## Activity
In the data that follows, find the line containing "Epson PowerLite Pro"; then quote that line and every line after it, exactly, through the last one.

## Extracted material

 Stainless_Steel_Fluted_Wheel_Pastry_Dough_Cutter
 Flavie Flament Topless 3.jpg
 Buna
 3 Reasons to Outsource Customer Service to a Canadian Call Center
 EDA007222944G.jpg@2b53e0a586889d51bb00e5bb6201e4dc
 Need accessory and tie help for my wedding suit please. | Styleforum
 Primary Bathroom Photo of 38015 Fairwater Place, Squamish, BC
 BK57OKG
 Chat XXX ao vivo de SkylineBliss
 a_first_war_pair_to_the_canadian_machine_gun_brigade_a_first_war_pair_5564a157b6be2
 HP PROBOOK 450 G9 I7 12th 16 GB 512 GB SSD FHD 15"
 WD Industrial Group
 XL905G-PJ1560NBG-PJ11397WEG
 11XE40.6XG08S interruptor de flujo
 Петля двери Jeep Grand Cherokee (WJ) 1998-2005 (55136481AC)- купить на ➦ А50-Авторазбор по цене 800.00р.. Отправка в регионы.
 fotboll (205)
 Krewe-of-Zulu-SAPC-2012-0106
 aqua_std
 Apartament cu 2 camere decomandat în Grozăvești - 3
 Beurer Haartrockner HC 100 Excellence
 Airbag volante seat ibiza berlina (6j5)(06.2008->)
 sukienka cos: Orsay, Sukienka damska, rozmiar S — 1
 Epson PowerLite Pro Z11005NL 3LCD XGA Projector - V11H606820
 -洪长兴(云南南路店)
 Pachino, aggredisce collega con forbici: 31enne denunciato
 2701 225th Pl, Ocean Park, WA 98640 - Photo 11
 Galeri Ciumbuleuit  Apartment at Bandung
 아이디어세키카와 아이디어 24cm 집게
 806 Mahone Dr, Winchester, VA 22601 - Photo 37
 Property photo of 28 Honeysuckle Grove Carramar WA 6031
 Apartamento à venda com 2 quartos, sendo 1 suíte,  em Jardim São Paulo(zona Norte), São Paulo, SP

## Answer to this problem
 Epson PowerLite Pro Z11005NL 3LCD XGA Projector - V11H606820
 -洪长兴(云南南路店)
 Pachino, aggredisce collega con forbici: 31enne denunciato
 2701 225th Pl, Ocean Park, WA 98640 - Photo 11
 Galeri Ciumbuleuit  Apartment at Bandung
 아이디어세키카와 아이디어 24cm 집게
 806 Mahone Dr, Winchester, VA 22601 - Photo 37
 Property photo of 28 Honeysuckle Grove Carramar WA 6031
 Apartamento à venda com 2 quartos, sendo 1 suíte,  em Jardim São Paulo(zona Norte), São Paulo, SP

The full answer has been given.